In the samples you will see below I was running a single threaded test application, which at any time was keeping eight 8K outstanding IOs on the disk. In your tests you might want to add more variations with different queue depth and different IO sizes, and different number of threads/CPU cores utilized. To help, I have provided the table below which outlines some tests to run and data to capture to get a more exhaustive picture of your disk performance. Running all these variation may take several hours. If you know IO patterns of your workloads then you can significantly reduce the test matrix.

Queue Depth

1

4

16

32

64

128

256

Unbuffered Write-Trough

4K

sequential read
sequential write
random read
random write
random 70% reads 30 % writes

8K

sequential read
sequential write
random read
random write
random 70% reads 30 % writes

16K

sequential read
sequential write
random read
random write
random 70% reads 30 % writes

64K

sequential read
sequential write
random read
random write
random 70% reads 30 % writes

128K

sequential read
sequential write
random read
random write
random 70% reads 30 % writes

256K

sequential read
sequential write
random read
random write
random 70% reads 30 % writes

512K

sequential read
sequential write
random read
random write
random 70% reads 30 % writes

1MB

sequential read
sequential write
random read
random write
random 70% reads 30 % writes

If you have Storage Spaces then it might be useful to first collect performance numbers of the individual disks this Space will be created with. This will help set expectations around what kind of performance you should expect in best/worst case scenario from the Space.

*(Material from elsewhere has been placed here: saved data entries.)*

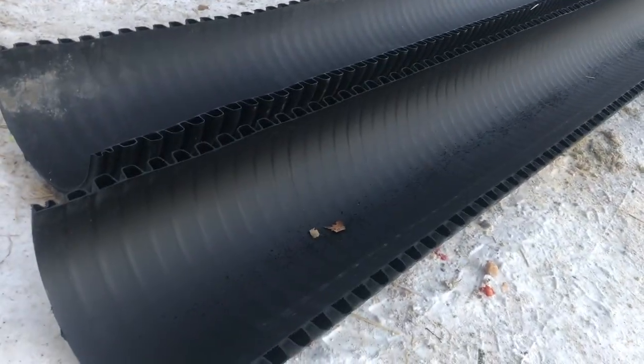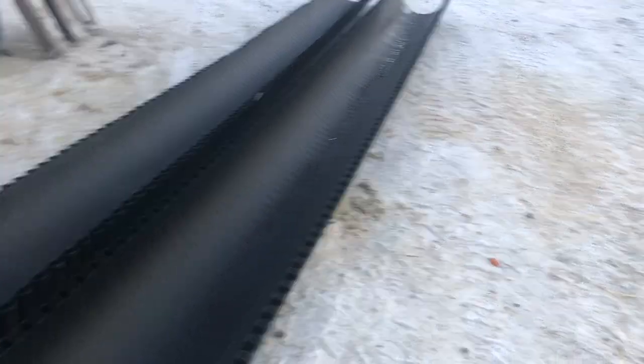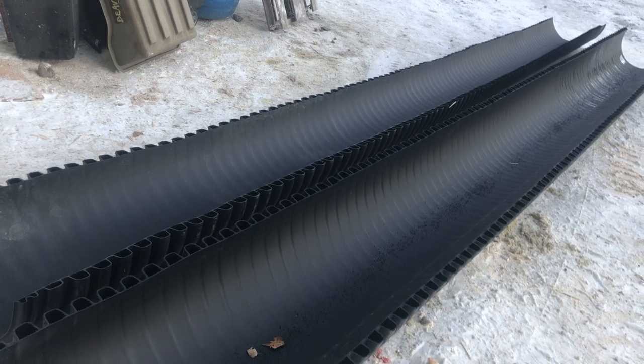I got this 18-inch plastic culvert and simply cut it in half with a Sawzall. I didn't film that because it was loud and it's not that complicated. Today I'm going to try feeding in them.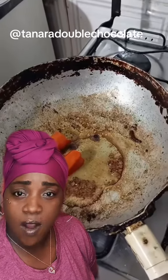Everybody's so creative. One thing about cooking for yourself — if you do it wrong, can't nobody tell you don't do it again because you can do it all over again.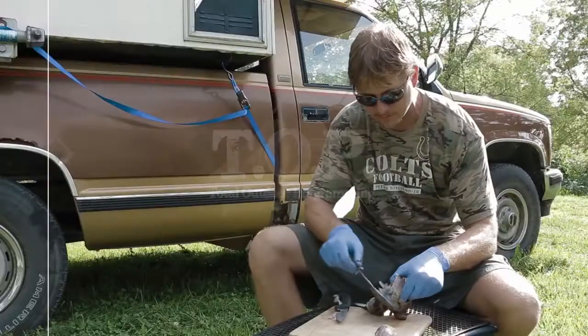This is Total Outdoor Programming. Hey everyone, this is Marty with Total Outdoor Programming, bringing another how-to video with some tips I like to use for using a duck call. With waterfowl season coming up, it's a good time to start practicing your call and make sure you're ready before you get out there.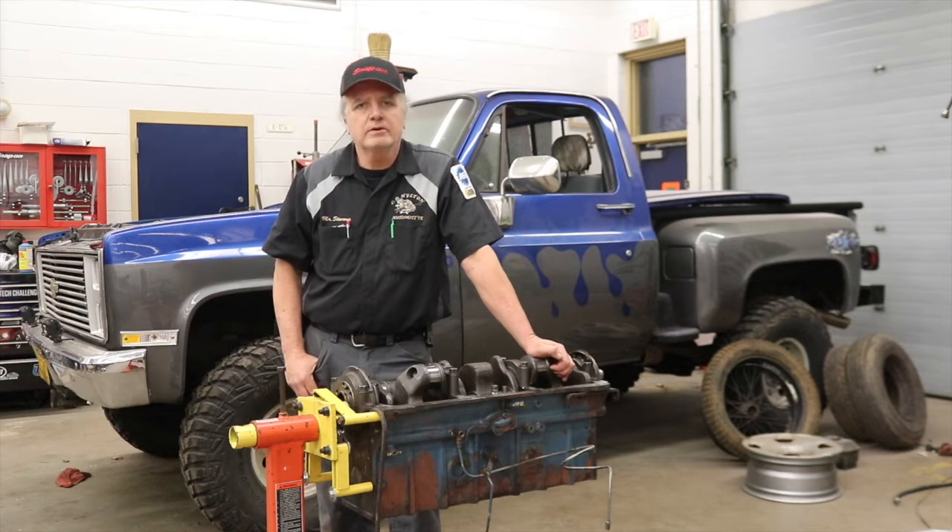Welcome back. On this week's episode, we're going to get back to work on the Chevy truck behind me. We've also got a truck on the other side of the shop that the students got wrapped up, and it's ready to go back to the customer.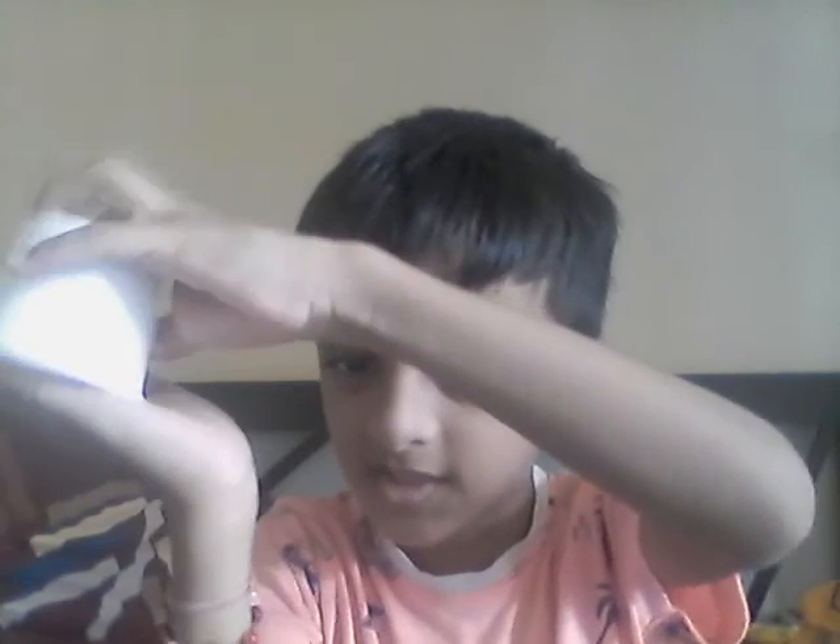Take an empty glass and a coin. Keep the coin here on your thumb and then keep it here like this. When you do like this, take the coin down there, then show it. One more time, keep it on the coin and take here.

As you are testing individual spindles that will be used to build Storage Spaces pay attention to different MPIO (Multi Path IO) modes. For instance you might expect that round robin over multiple paths would be faster than fail over, but for some HDDs you might find that they give you better throughput with fail over than with round robin. When it comes to SAN MPIO considerations are different. In case of SAN, MPIO is between the computer and a controller in the SAN storage box. In case of Storage Spaces MPIO is between computer and the HDD, so it comes to how efficient is the HDD’s firmware handling IO from different paths. In production for a JBOD connected to multiple computers IO will be coming from different computers so in any case HDD firmware need to be able to efficiently handle IOs coming from multiple computers/paths. Like with any kind of performance testing you should not jump to a conclusion that a particular MPIO mode is good or bad, always test first.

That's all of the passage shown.